[Items from a data source]
'''
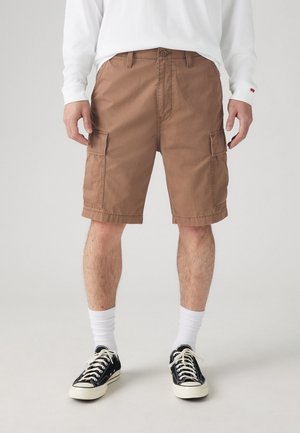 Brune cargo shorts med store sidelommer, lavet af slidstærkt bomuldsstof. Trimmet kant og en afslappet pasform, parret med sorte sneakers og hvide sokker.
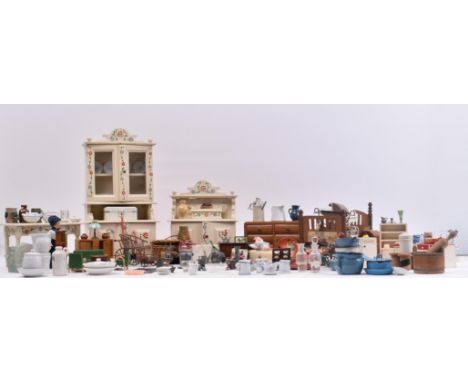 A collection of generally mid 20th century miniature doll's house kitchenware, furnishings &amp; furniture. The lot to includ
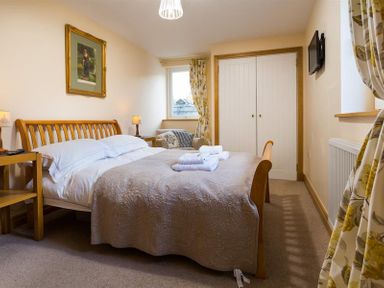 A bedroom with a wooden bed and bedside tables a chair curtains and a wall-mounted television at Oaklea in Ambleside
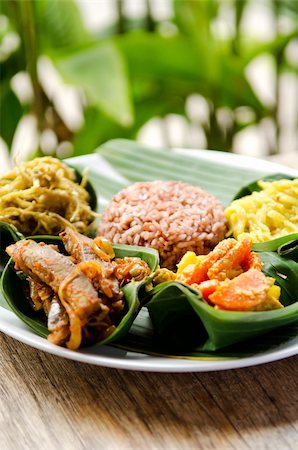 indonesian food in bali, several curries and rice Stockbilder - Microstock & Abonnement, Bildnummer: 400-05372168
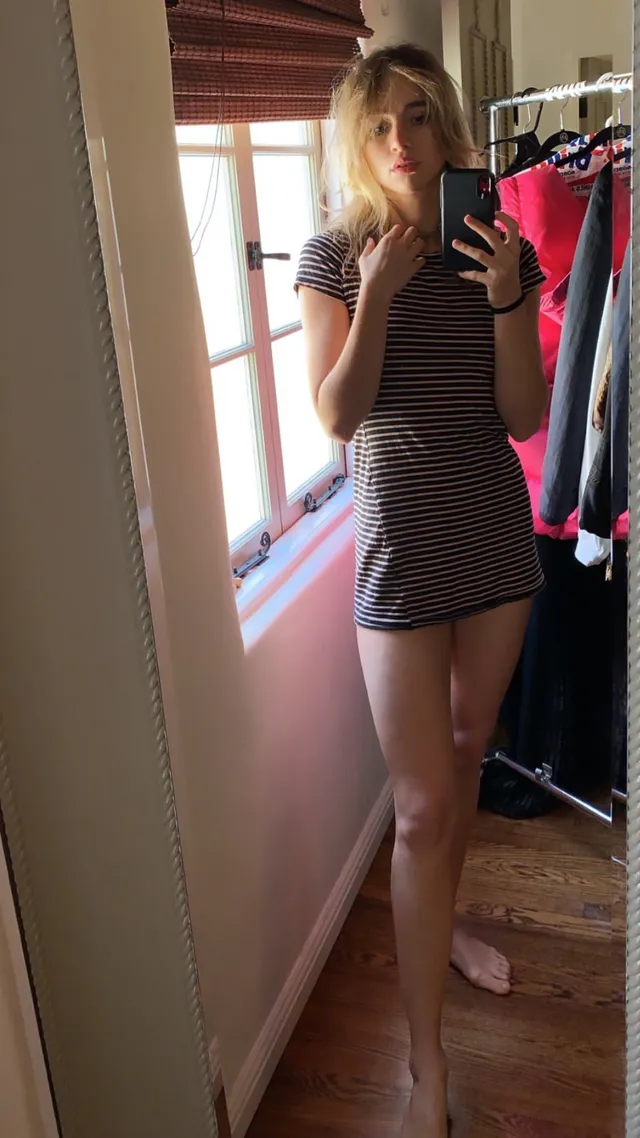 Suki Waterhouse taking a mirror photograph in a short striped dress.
'''
'''
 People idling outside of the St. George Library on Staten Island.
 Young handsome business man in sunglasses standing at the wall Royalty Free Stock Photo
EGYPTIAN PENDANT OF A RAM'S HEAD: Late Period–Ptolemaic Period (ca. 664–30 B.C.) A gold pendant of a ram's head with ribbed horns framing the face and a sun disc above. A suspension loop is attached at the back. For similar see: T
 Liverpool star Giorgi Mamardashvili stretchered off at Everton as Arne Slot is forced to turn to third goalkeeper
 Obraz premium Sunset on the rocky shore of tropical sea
'''
'''
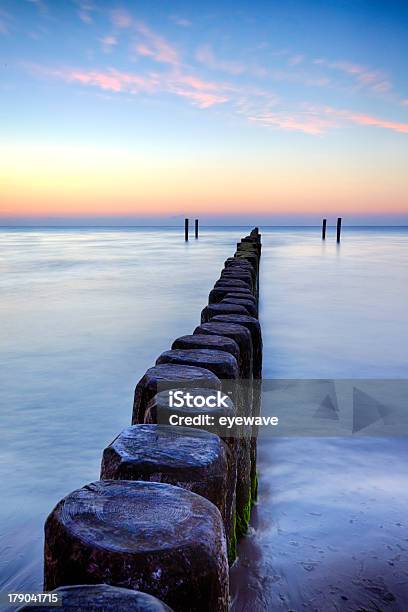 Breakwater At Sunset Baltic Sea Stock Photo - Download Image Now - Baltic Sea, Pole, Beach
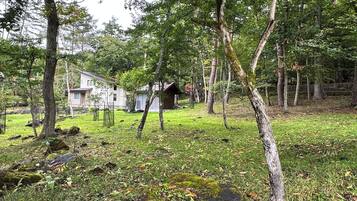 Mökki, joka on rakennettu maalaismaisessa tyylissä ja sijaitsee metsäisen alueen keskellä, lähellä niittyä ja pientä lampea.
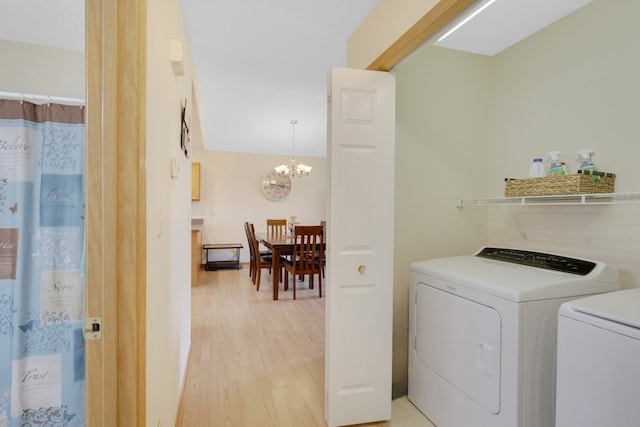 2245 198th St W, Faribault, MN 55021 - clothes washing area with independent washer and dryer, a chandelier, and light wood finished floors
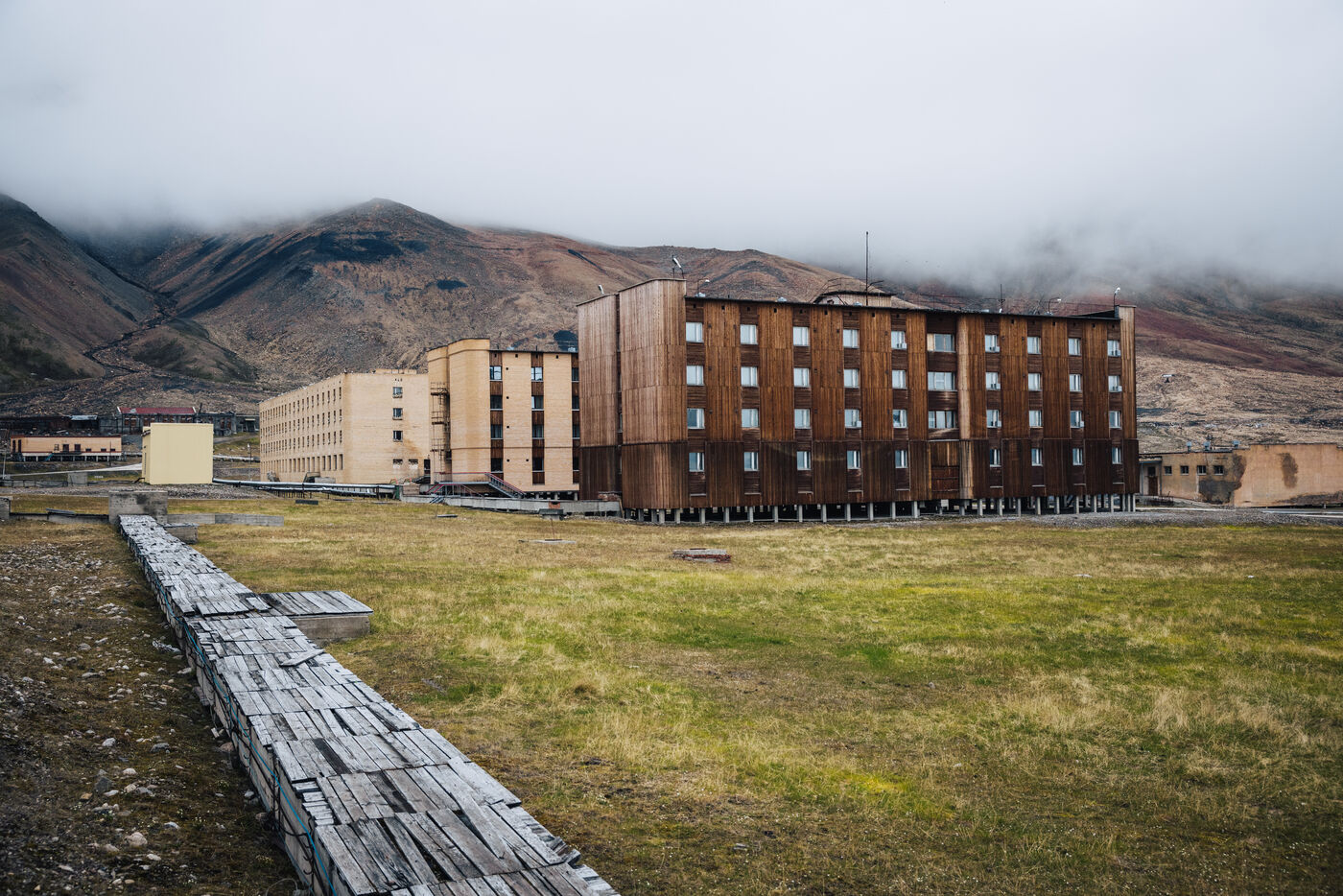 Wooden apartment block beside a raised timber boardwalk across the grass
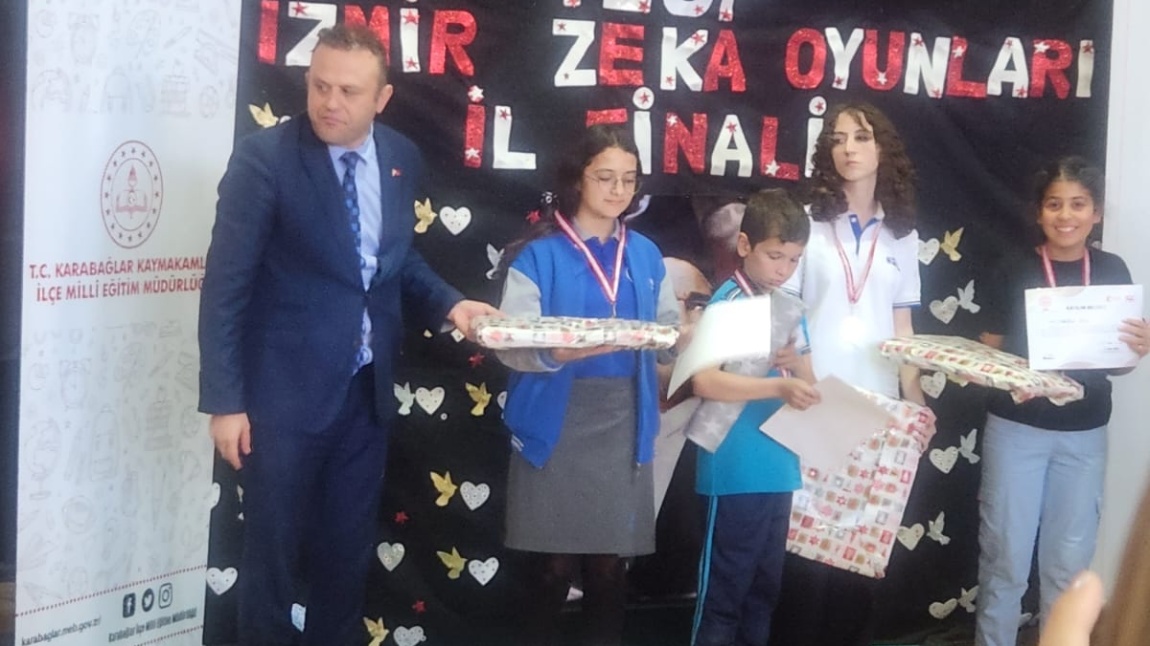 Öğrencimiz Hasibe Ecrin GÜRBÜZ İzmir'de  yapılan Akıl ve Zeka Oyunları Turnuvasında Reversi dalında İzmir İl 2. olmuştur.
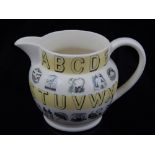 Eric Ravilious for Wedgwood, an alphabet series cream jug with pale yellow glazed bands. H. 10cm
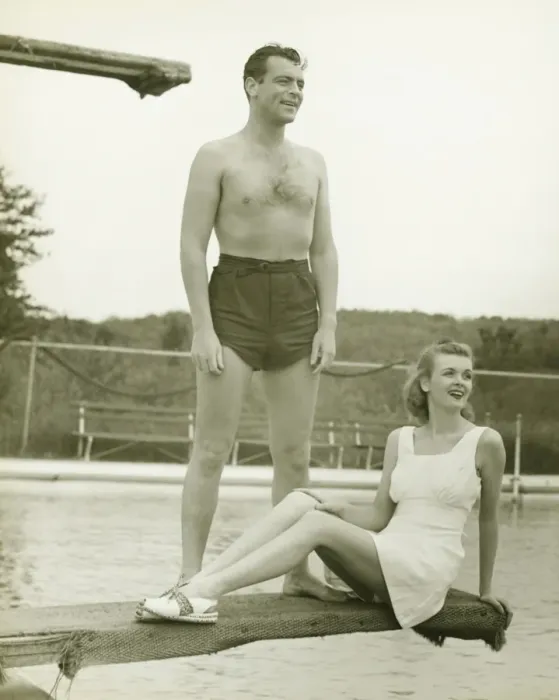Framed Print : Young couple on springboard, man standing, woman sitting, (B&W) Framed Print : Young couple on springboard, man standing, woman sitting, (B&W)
'''
### What you will do
Leaving out the pictures, please output the lines in the entries above from the one with "Wooden apartment block" through the one with "sitting, (B&W) Framed", exactly as they are.

### Result below
 Wooden apartment block beside a raised timber boardwalk across the grass
 Öğrencimiz Hasibe Ecrin GÜRBÜZ İzmir'de  yapılan Akıl ve Zeka Oyunları Turnuvasında Reversi dalında İzmir İl 2. olmuştur.
 Eric Ravilious for Wedgwood, an alphabet series cream jug with pale yellow glazed bands. H. 10cm
Framed Print : Young couple on springboard, man standing, woman sitting, (B&W) Framed Print : Young couple on springboard, man standing, woman sitting, (B&W)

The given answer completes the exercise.